The course engaged frameworks emphasizing reciprocity and regeneration in relationships across difference—whether between species, between humans and ecosystems, or between different forms of intelligence.


These models challenge extractive logics that treat relationships as purely transactional, suggesting instead that sustainable systems depend on mutual care and long-term investment in collective capacity.


Applied to organizational AI strategy, this perspective reframes implementation away from pure efficiency optimization toward building systems that enhance human capability while maintaining meaningful human agency and accountability.


Rather than asking "how can we minimize human involvement," organizations might ask "how can we design systems where humans remain responsible stewards of outcomes with genuine authority to intervene, override, and redirect automated processes?"


Disturbance as Transformation

The course examined how ecosystems respond to disruption not by returning to previous states but by generating novel assemblages through unexpected collaboration.

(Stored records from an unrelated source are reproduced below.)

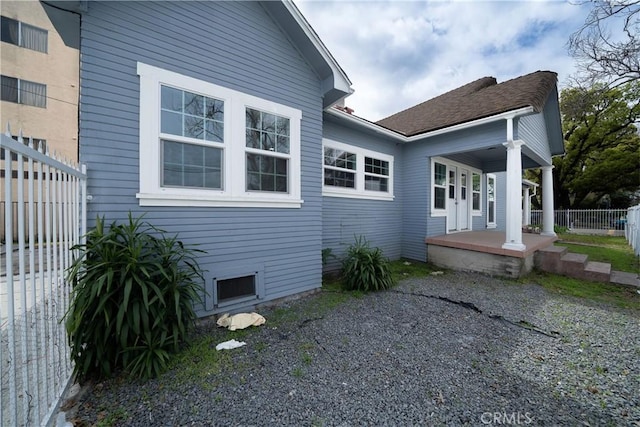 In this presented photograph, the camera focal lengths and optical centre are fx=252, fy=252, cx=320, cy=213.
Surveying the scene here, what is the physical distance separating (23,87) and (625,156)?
36.6 m

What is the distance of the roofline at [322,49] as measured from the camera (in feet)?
13.3

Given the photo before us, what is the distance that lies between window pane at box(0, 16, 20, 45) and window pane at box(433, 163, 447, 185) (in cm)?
1912

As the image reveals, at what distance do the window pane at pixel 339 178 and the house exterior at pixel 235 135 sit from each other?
33 millimetres

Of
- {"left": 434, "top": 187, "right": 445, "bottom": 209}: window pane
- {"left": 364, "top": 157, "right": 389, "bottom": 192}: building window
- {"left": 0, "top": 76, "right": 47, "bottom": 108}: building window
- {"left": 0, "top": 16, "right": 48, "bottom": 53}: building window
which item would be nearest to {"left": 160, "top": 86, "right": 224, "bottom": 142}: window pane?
{"left": 364, "top": 157, "right": 389, "bottom": 192}: building window

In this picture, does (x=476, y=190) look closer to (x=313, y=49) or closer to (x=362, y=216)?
(x=362, y=216)

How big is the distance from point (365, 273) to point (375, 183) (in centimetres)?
292

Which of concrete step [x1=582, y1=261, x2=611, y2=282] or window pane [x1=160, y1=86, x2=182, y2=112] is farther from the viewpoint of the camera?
concrete step [x1=582, y1=261, x2=611, y2=282]

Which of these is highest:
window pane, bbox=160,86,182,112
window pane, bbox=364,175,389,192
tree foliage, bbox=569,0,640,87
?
tree foliage, bbox=569,0,640,87


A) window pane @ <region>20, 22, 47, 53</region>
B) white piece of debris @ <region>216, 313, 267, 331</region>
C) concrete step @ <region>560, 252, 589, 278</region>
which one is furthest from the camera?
window pane @ <region>20, 22, 47, 53</region>

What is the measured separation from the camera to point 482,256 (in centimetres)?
612

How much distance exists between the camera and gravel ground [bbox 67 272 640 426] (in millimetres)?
1999

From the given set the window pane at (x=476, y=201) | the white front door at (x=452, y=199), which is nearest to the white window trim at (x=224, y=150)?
the white front door at (x=452, y=199)

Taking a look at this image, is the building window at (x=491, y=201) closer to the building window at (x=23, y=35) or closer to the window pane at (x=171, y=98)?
the window pane at (x=171, y=98)

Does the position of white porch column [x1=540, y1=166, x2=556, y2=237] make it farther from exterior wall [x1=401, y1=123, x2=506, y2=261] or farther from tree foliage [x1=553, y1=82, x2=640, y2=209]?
tree foliage [x1=553, y1=82, x2=640, y2=209] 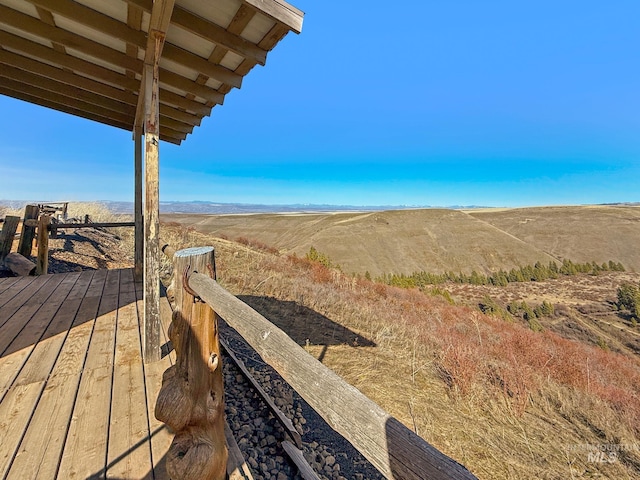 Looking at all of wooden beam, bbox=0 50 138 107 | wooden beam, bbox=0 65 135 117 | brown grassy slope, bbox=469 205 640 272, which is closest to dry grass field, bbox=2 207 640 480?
wooden beam, bbox=0 65 135 117

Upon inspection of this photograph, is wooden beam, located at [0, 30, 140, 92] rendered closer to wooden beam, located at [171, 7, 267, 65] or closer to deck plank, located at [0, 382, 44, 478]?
wooden beam, located at [171, 7, 267, 65]

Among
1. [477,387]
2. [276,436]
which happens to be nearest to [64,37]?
[276,436]

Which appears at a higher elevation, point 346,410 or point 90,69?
point 90,69

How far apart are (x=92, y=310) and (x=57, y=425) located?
233 centimetres

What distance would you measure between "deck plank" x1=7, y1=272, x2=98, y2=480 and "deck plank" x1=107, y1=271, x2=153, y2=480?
27 centimetres

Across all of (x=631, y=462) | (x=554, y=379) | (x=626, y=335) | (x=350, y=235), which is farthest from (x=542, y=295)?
(x=631, y=462)

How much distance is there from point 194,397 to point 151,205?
5.98ft

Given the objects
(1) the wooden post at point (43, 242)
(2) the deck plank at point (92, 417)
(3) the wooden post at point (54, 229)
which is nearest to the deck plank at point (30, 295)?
(1) the wooden post at point (43, 242)

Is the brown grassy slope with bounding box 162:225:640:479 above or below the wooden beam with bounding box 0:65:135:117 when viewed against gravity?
below

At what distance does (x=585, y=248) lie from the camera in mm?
55656

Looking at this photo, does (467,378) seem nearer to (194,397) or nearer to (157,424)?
(157,424)

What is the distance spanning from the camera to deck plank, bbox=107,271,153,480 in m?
1.65

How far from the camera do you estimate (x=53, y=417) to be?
78.4 inches

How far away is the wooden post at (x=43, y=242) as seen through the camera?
17.7 ft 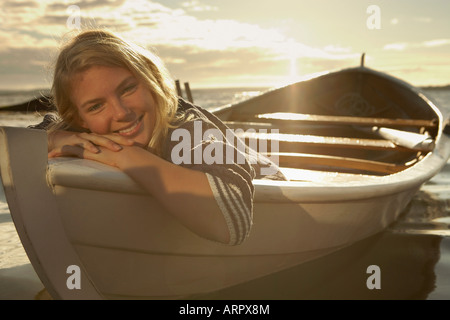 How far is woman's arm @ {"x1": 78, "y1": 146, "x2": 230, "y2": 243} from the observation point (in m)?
1.78

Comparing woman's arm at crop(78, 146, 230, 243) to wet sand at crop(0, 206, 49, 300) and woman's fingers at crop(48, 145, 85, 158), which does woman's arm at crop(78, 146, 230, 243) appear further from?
wet sand at crop(0, 206, 49, 300)

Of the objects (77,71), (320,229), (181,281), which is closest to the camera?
(77,71)

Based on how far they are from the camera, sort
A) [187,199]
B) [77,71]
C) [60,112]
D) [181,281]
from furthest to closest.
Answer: [181,281] → [60,112] → [77,71] → [187,199]

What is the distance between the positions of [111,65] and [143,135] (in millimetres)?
341

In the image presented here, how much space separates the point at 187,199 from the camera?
1.81m

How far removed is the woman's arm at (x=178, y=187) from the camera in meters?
1.78

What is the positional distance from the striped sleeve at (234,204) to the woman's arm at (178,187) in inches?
0.8

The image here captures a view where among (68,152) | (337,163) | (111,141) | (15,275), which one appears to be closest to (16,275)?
(15,275)

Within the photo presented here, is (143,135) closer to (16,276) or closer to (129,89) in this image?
(129,89)

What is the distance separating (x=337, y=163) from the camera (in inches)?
168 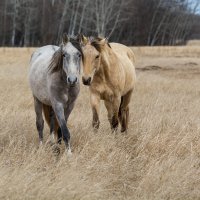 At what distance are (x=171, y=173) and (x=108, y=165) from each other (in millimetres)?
710

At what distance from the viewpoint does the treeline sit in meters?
48.8

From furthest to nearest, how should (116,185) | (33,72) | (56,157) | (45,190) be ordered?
(33,72) → (56,157) → (116,185) → (45,190)

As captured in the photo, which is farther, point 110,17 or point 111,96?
point 110,17

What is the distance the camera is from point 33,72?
677 centimetres

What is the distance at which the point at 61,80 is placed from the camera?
608 centimetres

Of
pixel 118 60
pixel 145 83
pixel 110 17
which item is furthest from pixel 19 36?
pixel 118 60

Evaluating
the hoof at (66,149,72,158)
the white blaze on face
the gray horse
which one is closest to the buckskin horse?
the gray horse

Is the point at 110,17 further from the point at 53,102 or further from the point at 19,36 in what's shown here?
the point at 53,102

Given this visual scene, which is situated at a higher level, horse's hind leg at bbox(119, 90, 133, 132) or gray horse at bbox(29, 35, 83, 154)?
gray horse at bbox(29, 35, 83, 154)

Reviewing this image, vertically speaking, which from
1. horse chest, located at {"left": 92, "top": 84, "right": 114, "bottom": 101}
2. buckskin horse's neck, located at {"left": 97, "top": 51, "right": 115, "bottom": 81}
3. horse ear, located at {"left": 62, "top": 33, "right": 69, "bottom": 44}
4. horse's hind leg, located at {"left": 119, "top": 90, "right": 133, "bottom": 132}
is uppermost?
horse ear, located at {"left": 62, "top": 33, "right": 69, "bottom": 44}

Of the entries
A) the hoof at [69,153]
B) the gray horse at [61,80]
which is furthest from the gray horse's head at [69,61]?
the hoof at [69,153]

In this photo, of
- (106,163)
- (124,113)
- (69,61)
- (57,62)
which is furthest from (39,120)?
(124,113)

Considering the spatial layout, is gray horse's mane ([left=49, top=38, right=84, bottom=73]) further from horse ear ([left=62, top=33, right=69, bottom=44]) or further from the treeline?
the treeline

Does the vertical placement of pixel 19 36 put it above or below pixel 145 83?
below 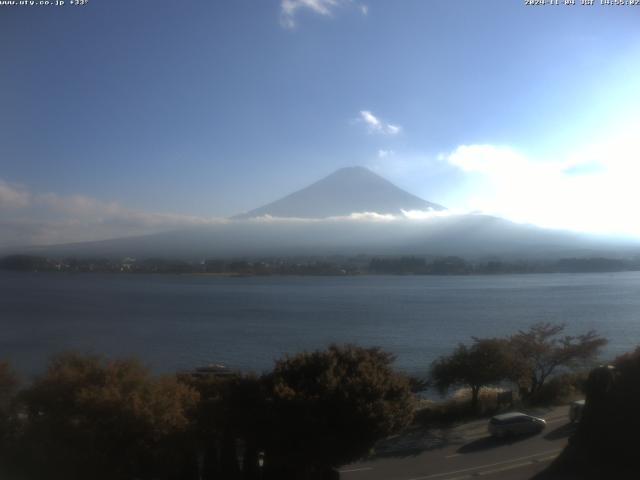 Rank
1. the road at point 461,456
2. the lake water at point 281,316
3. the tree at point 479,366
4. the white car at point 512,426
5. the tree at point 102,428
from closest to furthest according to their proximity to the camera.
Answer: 1. the tree at point 102,428
2. the road at point 461,456
3. the white car at point 512,426
4. the tree at point 479,366
5. the lake water at point 281,316

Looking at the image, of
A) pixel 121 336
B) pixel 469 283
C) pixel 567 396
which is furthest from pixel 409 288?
pixel 567 396

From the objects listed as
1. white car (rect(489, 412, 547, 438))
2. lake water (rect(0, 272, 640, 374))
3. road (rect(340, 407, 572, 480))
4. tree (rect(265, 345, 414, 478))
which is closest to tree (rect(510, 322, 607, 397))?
road (rect(340, 407, 572, 480))

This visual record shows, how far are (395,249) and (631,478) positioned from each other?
7812 cm

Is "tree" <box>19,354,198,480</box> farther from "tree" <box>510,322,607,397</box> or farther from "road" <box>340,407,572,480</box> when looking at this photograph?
"tree" <box>510,322,607,397</box>

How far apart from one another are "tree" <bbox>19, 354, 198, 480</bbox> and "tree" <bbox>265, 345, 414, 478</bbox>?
3.44ft

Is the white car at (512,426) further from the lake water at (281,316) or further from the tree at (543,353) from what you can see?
the lake water at (281,316)

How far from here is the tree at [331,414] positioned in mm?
5789

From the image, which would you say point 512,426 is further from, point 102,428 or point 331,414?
point 102,428

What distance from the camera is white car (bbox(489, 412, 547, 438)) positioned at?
8.30 metres

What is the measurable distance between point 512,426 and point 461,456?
1244 mm

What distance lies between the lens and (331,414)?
5820 mm

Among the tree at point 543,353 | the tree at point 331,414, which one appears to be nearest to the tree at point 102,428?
the tree at point 331,414

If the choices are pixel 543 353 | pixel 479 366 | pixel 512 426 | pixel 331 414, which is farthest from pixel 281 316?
pixel 331 414

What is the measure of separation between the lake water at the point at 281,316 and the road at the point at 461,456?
14.4 ft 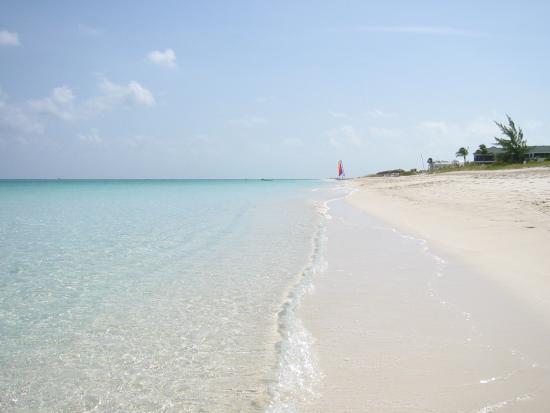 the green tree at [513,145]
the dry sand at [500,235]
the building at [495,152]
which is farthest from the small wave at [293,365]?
the building at [495,152]

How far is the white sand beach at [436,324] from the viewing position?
2.86 meters

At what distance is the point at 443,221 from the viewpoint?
39.2 ft

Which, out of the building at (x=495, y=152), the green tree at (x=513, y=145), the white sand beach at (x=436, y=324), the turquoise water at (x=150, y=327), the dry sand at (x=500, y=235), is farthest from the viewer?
the building at (x=495, y=152)

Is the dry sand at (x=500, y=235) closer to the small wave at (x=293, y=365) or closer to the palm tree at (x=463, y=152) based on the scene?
the small wave at (x=293, y=365)

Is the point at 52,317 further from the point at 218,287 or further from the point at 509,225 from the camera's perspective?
the point at 509,225

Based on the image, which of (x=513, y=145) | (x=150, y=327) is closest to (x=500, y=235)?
(x=150, y=327)

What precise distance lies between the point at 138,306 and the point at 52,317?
3.15ft

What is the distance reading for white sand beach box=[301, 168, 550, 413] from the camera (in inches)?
112

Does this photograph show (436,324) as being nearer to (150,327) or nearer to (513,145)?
(150,327)

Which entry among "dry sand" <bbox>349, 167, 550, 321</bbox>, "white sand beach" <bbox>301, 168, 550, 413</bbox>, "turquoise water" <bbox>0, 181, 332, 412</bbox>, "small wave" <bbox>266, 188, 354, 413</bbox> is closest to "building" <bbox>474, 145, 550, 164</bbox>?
"dry sand" <bbox>349, 167, 550, 321</bbox>

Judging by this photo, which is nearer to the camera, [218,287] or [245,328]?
[245,328]

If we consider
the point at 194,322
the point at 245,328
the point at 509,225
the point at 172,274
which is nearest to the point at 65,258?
the point at 172,274

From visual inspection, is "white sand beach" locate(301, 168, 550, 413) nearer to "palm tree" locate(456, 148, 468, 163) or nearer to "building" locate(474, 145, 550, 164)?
"building" locate(474, 145, 550, 164)

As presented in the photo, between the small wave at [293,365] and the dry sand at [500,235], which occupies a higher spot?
the dry sand at [500,235] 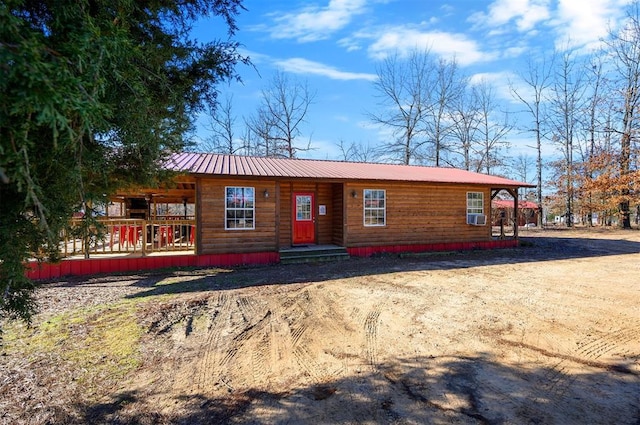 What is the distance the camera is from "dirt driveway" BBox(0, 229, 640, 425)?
2.71 meters

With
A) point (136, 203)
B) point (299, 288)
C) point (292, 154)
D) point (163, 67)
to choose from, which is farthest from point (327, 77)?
point (163, 67)

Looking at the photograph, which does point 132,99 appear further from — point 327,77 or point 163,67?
point 327,77

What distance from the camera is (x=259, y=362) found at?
3.61 metres

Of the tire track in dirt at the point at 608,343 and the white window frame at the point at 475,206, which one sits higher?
the white window frame at the point at 475,206

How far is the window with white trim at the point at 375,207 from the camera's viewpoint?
11.6 metres

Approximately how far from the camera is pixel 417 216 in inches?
484

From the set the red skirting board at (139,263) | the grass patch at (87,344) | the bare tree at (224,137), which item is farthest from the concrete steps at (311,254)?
the bare tree at (224,137)

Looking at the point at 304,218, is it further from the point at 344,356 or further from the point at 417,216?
the point at 344,356

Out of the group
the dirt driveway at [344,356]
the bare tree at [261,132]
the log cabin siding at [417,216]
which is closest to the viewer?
the dirt driveway at [344,356]

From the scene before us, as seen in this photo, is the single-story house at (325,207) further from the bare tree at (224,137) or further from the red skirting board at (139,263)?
the bare tree at (224,137)

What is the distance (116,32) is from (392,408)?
3.24 metres

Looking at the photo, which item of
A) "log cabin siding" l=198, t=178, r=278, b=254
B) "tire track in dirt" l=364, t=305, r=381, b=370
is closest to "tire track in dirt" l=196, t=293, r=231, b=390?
"tire track in dirt" l=364, t=305, r=381, b=370

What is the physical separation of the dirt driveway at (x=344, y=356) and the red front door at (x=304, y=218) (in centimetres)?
482

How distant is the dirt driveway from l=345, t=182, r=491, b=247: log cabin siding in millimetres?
4484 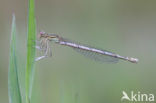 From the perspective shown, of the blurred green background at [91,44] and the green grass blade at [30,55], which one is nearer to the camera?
the green grass blade at [30,55]

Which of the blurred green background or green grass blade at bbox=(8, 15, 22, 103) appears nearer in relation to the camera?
green grass blade at bbox=(8, 15, 22, 103)

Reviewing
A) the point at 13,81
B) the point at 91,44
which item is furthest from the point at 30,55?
the point at 91,44

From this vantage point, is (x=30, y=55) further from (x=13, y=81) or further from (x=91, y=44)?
(x=91, y=44)

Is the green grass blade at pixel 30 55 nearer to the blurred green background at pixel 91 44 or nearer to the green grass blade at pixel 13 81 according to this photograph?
the green grass blade at pixel 13 81

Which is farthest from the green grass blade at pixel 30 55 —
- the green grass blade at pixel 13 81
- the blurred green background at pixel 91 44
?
the blurred green background at pixel 91 44

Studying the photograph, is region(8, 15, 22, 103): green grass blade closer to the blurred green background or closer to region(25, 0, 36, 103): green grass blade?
region(25, 0, 36, 103): green grass blade

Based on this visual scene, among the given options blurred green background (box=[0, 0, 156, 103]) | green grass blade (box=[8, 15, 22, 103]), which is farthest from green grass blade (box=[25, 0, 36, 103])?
blurred green background (box=[0, 0, 156, 103])

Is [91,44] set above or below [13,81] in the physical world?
above

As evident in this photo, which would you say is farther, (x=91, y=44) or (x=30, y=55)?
(x=91, y=44) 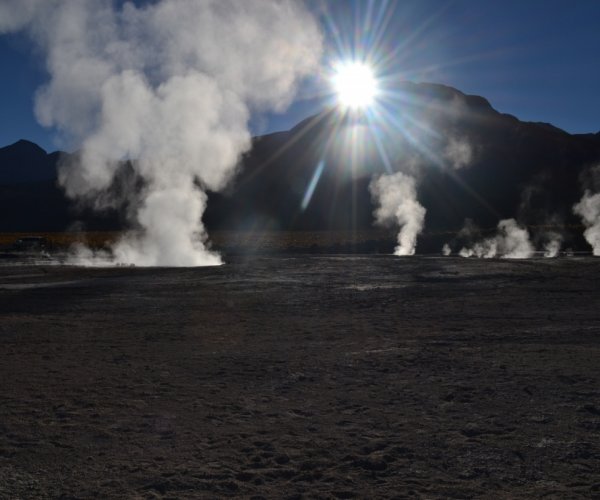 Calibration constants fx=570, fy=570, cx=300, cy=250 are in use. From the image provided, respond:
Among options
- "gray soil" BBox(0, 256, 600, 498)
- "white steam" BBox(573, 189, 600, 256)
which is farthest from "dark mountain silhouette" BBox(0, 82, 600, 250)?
"gray soil" BBox(0, 256, 600, 498)

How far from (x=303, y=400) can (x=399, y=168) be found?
11053cm

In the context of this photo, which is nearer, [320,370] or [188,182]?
[320,370]

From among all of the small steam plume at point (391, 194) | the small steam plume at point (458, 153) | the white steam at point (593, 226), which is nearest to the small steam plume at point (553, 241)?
the white steam at point (593, 226)

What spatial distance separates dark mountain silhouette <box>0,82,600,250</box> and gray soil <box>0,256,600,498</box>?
84.6 m

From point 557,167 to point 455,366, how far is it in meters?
114

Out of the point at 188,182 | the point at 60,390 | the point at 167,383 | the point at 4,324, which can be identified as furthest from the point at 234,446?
the point at 188,182

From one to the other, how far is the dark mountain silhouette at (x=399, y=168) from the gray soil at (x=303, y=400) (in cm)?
8457

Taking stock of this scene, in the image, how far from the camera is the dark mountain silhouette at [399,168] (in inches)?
4045

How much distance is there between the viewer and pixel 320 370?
743 centimetres

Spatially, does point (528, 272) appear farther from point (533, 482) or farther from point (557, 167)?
point (557, 167)

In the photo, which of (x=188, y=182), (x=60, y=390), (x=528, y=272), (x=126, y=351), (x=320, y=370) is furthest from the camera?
(x=188, y=182)

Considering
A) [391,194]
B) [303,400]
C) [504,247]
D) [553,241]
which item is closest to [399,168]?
[391,194]

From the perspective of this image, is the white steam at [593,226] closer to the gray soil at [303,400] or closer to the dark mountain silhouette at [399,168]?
the gray soil at [303,400]

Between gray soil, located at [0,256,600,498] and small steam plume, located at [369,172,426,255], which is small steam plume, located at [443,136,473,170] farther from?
gray soil, located at [0,256,600,498] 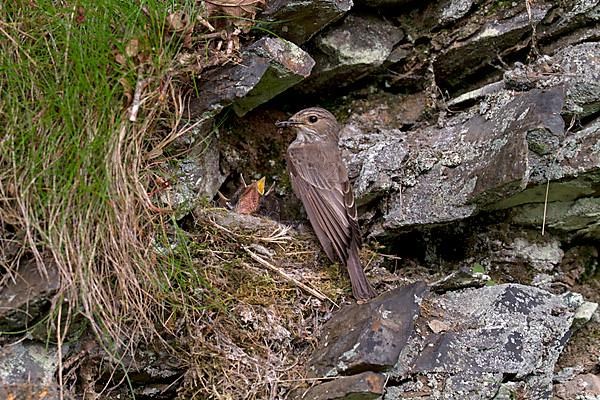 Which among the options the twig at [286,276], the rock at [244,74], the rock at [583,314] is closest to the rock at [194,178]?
the rock at [244,74]

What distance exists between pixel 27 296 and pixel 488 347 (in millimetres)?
2573

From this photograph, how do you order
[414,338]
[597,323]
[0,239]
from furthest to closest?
[597,323], [414,338], [0,239]

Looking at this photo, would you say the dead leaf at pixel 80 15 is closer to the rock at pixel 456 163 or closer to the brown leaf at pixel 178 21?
the brown leaf at pixel 178 21

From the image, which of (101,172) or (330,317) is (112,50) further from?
(330,317)

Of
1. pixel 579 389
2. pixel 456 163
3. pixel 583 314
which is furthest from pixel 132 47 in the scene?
pixel 579 389

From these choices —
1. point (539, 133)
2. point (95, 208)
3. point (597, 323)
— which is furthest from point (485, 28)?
point (95, 208)

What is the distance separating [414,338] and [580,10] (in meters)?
2.55

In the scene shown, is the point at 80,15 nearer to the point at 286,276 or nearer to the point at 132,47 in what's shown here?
the point at 132,47

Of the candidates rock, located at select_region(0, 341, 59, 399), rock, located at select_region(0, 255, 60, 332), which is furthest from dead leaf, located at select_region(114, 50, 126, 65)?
rock, located at select_region(0, 341, 59, 399)

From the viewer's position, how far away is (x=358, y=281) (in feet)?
18.9

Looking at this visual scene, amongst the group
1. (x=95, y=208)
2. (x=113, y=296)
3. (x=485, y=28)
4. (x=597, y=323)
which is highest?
(x=485, y=28)

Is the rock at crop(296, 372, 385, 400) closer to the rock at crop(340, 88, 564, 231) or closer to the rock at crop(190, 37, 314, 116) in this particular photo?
the rock at crop(340, 88, 564, 231)

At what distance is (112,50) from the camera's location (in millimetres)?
4918

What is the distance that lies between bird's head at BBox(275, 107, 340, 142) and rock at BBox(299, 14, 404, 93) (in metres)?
0.29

This offers a productive alternative to narratives of AI deployment as either preserving the status quo or destroying existing structures.


Organizations might instead cultivate conditions for generative recombination—experimenting with new configurations of human and machine capabilities that emerge through practice rather than comprehensive advance planning.


This requires tolerance for uncertainty and willingness to adapt organizational structures as new possibilities reveal themselves.


The course emphasized that transformation is not a discrete event but an ongoing process of adjustment as capabilities evolve and relationships develop.


Organizations implementing AI systems face similar dynamics—early deployment decisions create path dependencies, but productive adaptation requires ongoing reassessment of which human roles remain valuable and which automated processes require human oversight.


Defining Boundaries Before They Define You

The course's pedagogical approach—asking students to articulate their values and commitments before technological change forced reactive adaptation—translates directly to organizational AI governance.


Companies establishing AI ethics committees, developing responsible AI principles, and creating oversight structures are engaging in exactly this exercise: defining boundaries and commitments proactively while they still have the agency to make implementation choices.


The value of this exploration lies not in resolving every tension but in developing conceptual clarity about what organizations want to preserve, what they're willing to transform, and what principles should guide those decisions when efficiency and values conflict.


As AI capabilities expand and competitive pressure intensifies, organizations with well-articulated frameworks for human-machine collaboration will be better positioned to maintain strategic coherence, regulatory compliance, and social legitimacy. The course provided exactly this: structured practice in thinking through what makes human participation irreplaceable before external forces dictate suboptimal defaults.